Tornai a casa. Non riuscivo a fare niente che non fosse pensare ad un modo per vendicarmi con coloro che avevano fatto del male a mia sorella, ma come?
Non sapevo chi fosse stato, se fosse stato uno o fossero stati in due, in tre o in un gruppo, ma sapevo che doveva essere qualcuno senza un anima né una coscienza per uccidere una giovane donna a sangue freddo, con un proiettile nel petto. Non riuscivo a calmarmi, avevo bisogno di esternare la mia rabbia, ma non potevo limitarmi a distruggere tutto quello che avevo in casa. Più pensavo e più la mia rabbia aumentava.
Ad un certo punto iniziai a pensare ad un vecchio film che mi era capitato di guardare insieme a Sofia. Il film si chiamava: "Tre manifesti a Ebbing, Missouri". Il film uscì nel 2017 in America ed ebbe un enorme successo, tanto da diventare campione di incassi.

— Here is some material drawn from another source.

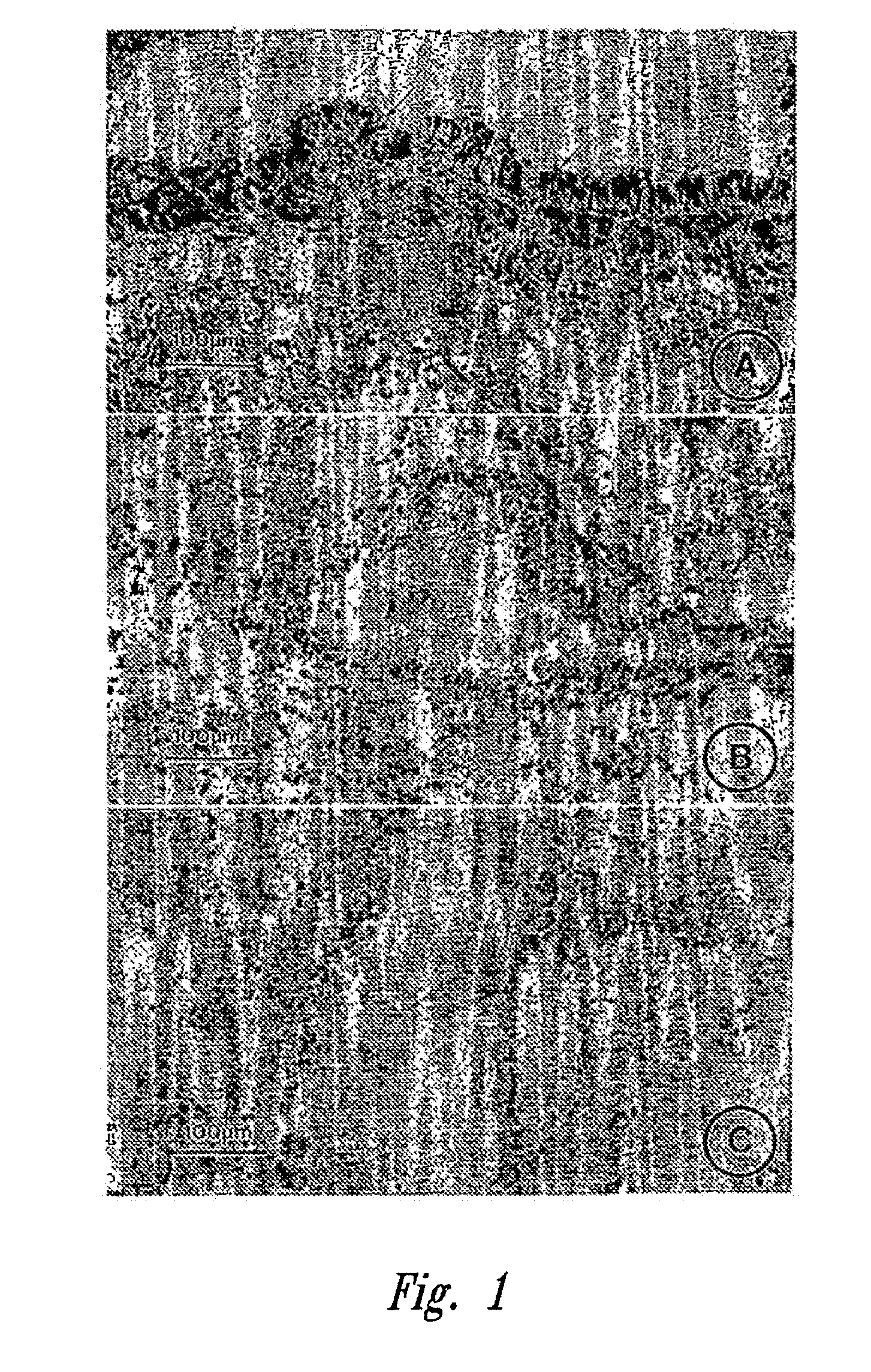 Methods relating to the treatment of fibrosis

Un anno fa lo trasmisero in TV, e ce lo vedemmo. Il film parlava di una donna la cui figlia era scomparsa, ma dato che nessuno muoveva un dito per cercarla iniziò a protestare, ad esempio mettendo dei cartelli che ironizzavano sullo sceriffo della città. Mia sorella non era scomparsa, era morta, ma io volevo comunque far capire alla polizia che dovevano riuscire a trovare chi era stato, dato che non erano riusciti a fermarlo prima che uccidesse Sofia.
Avevo avuto l'idea per sfogarmi: cartelloni contro la polizia, contro la criminalità a Roma, contro il sindaco che non era riuscito a mantenere questa città pulita e non aveva fatto niente per ripulirla. Ora mi serviva un posto dove disegnare e stampare questi cartelloni, e quale posto era migliore se non gli uffici de "Il Tricolore"?
L'unico problema era che non avevo le chiavi dell'ufficio, dopotutto avevo appena iniziato a lavorare lì e non ero ancora nessuno. Mia sorella però si, era una dei reporter più importanti e forse aveva le chiavi.
Casa di Sofia distava solo dieci minuti a piedi da casa mia, quindi andai nel suo appartamento. Avevo le chiavi, quando le girai nella serratura mi ricordai la scena che avevo visto quella mattina, esitai ad entrare ma alla fine mi feci coraggio e aprii la porta. L'appartamento era praticamente come lo avevo lasciato la sera prima. Iniziai a cercare le chiavi, e le trovai dopo poco tempo. Erano sulla scrivania affianco a un computer portatile che doveva essere nuovo, dato che, non l'avevo mai visto. Presi le chiavi, aprii la porta per uscire e con mia sorpresa trovai due poliziotti sul ciglio della porta. Uno di loro mi disse: " Lei è in arresto per l'omicidio di Sofia Ferrara!".